▸ Work item: Please transcribe the data that follows exactly, from its first line through the line that contains "เตียงสองชั้นพร้อมสไลเดอร์ เตีย - Bunk".
Record set Start Marker
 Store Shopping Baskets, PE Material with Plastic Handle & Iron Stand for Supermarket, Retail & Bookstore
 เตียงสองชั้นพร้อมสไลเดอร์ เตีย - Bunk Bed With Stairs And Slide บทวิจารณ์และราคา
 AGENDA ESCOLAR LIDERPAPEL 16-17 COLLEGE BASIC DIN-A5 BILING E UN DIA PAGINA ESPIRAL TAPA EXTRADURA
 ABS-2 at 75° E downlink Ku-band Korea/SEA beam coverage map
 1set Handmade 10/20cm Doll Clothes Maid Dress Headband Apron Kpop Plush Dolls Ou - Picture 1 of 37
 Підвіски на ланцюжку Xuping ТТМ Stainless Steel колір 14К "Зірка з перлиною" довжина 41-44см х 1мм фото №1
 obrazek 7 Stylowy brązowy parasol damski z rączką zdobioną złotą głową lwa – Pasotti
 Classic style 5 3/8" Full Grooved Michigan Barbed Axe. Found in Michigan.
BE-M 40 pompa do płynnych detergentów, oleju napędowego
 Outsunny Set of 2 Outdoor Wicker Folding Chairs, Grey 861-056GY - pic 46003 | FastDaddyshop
Record set End Marker
▸ Your solution:
 Store Shopping Baskets, PE Material with Plastic Handle & Iron Stand for Supermarket, Retail & Bookstore
 เตียงสองชั้นพร้อมสไลเดอร์ เตีย - Bunk Bed With Stairs And Slide บทวิจารณ์และราคา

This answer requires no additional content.